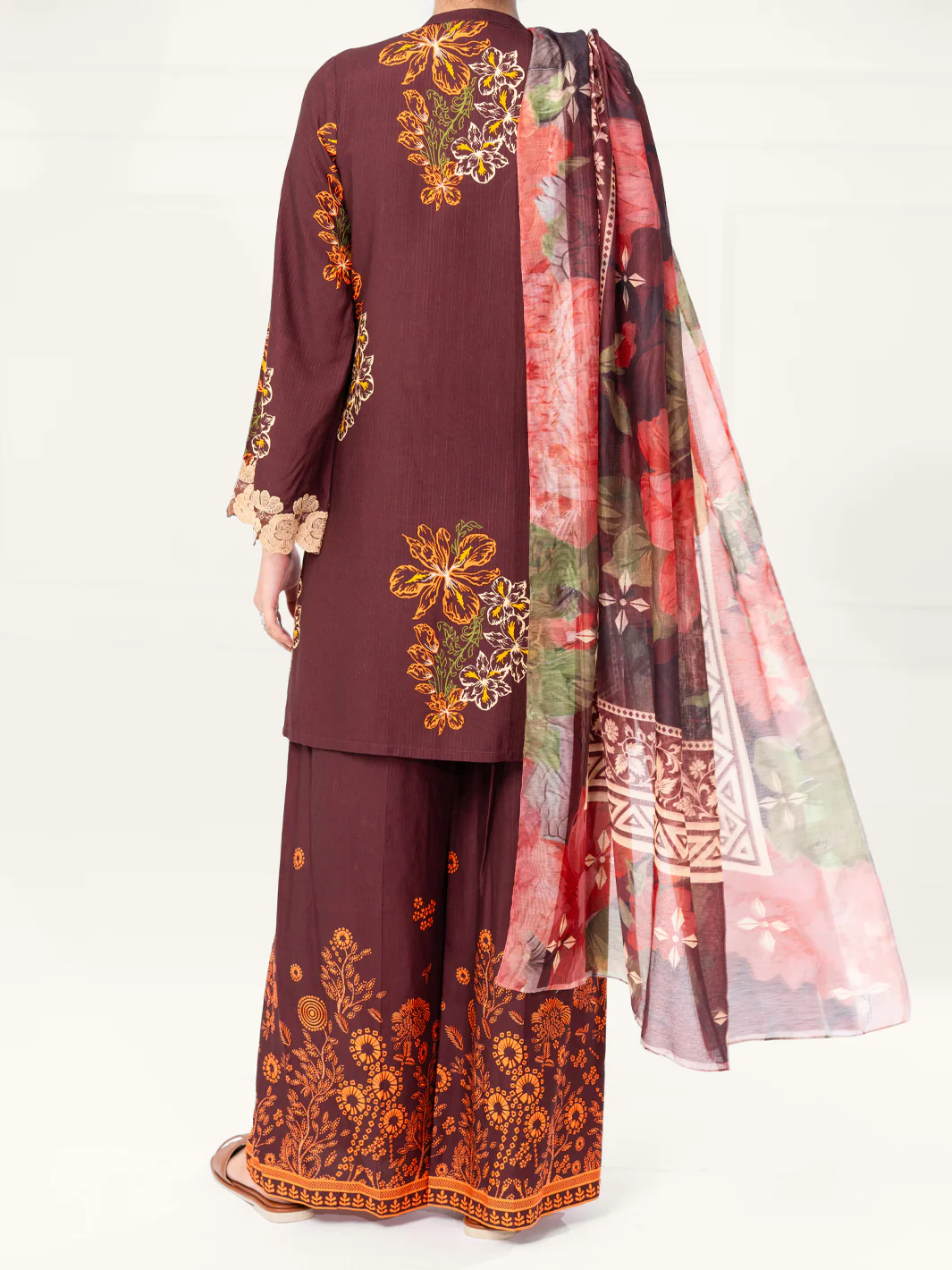 Maroon Viscose Raw Silk 3Pc Unstitched - AWP-3PS-805 - Image 2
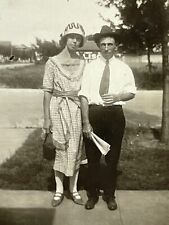 1L Photograph Denison Texas 1920-30's Cute Couple Man Woman Dress Hat Fashion picture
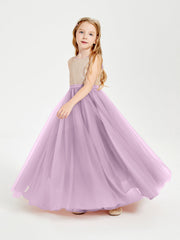 Abito Damigella Junior Lungo Top Con Paillettes Gonna In Tulle Glicine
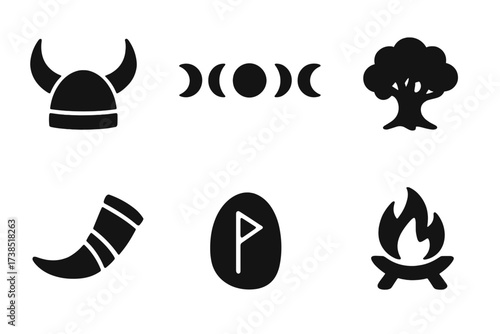 Pagan Ritual Icons. Solid, filled icon set of pagan ritual: horned helmet, moon phases, candle circle, oak tree, animal horn, runic stone, pentacle, fire pit.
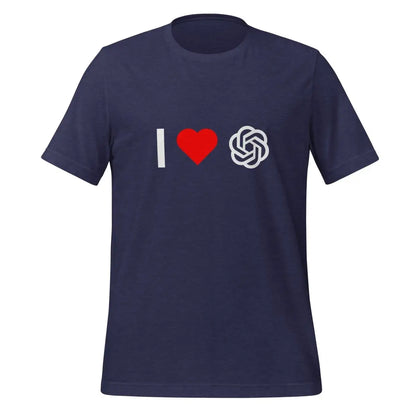 I Love OpenAI T-Shirt (unisex) - Heather Midnight Navy / M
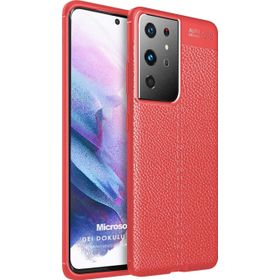 Microsonic Samsung Galaxy S21 Ultra Deri Dokulu Silikon Kırmızı Cep Telefonu Kılıfı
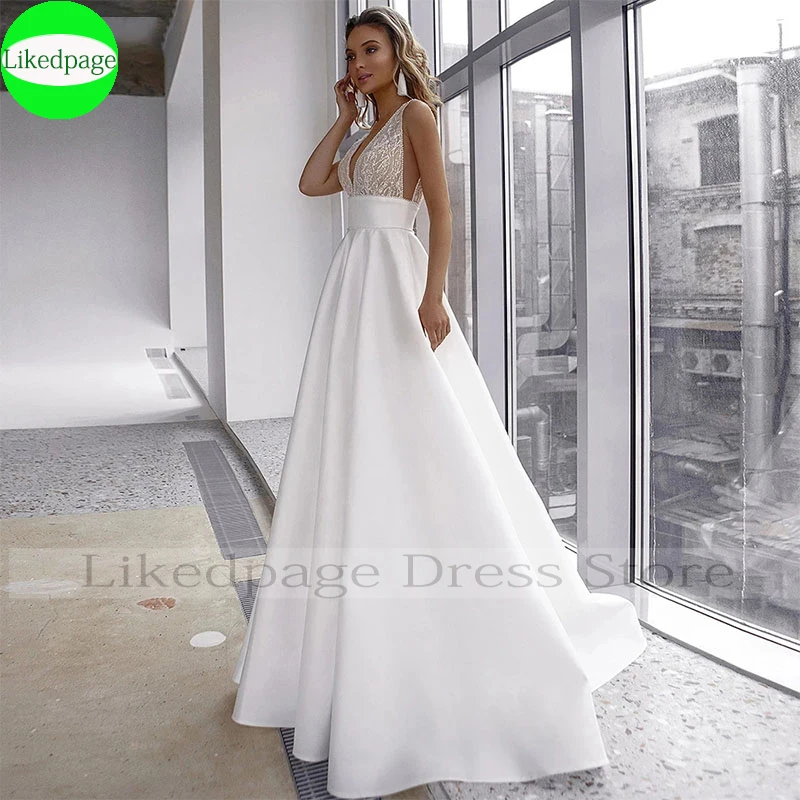 Gaun Pengantin Seksi 2021 A Line Satin Vestidos De Novia Gaun Pengantin V Neck Ilusi Jubah Mariage Boda Hochzeit Pesta Kleid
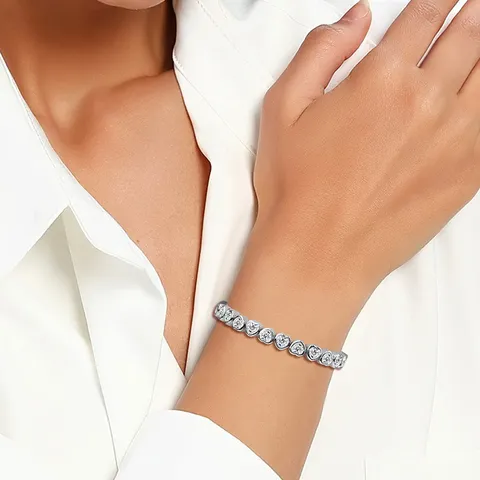 Heart Zirconia Bracelet Hip Hop Ins Minimalist Niche Design Women’s Bracelets - view 2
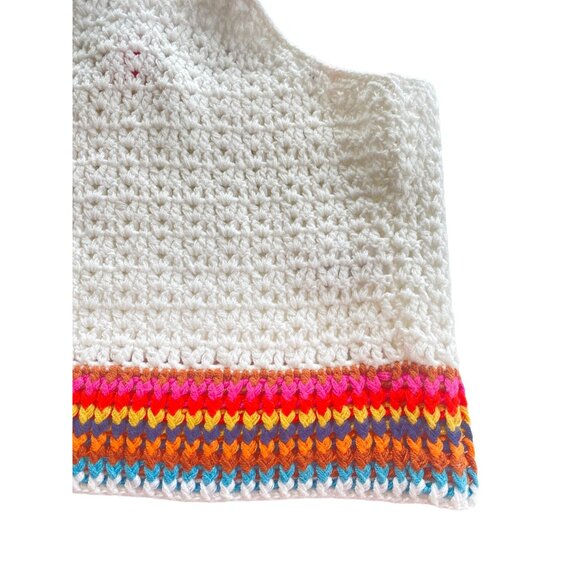 NWT Marine Layer $118 Crochet Crop Top W's XS Caro Tank White Rainbow Trim - Picture 11 of 16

═══

Print the material in full and exactly, minus the pictures.

 Maroon Viscose Raw Silk 3Pc Unstitched - AWP-3PS-805 - Image 2
 1L Photograph Denison Texas 1920-30's Cute Couple Man Woman Dress Hat Fashion picture
 Abito Damigella Junior Lungo Top Con Paillettes Gonna In Tulle Glicine
 Pagan Ritual Icons. Solid, filled icon set of pagan ritual: horned helmet, moon phases, candle circle, oak tree, animal horn, runic stone, pentacle, fire pit.
 I Love OpenAI T-Shirt (unisex) - Heather Midnight Navy / M
 Microsonic Samsung Galaxy S21 Ultra Deri Dokulu Silikon Kırmızı Cep Telefonu Kılıfı
 Gaun Pengantin Seksi 2021 A Line Satin Vestidos De Novia Gaun Pengantin V Neck Ilusi Jubah Mariage Boda Hochzeit Pesta Kleid
 Heart Zirconia Bracelet Hip Hop Ins Minimalist Niche Design Women’s Bracelets - view 2
 NWT Marine Layer $118 Crochet Crop Top W's XS Caro Tank White Rainbow Trim - Picture 11 of 16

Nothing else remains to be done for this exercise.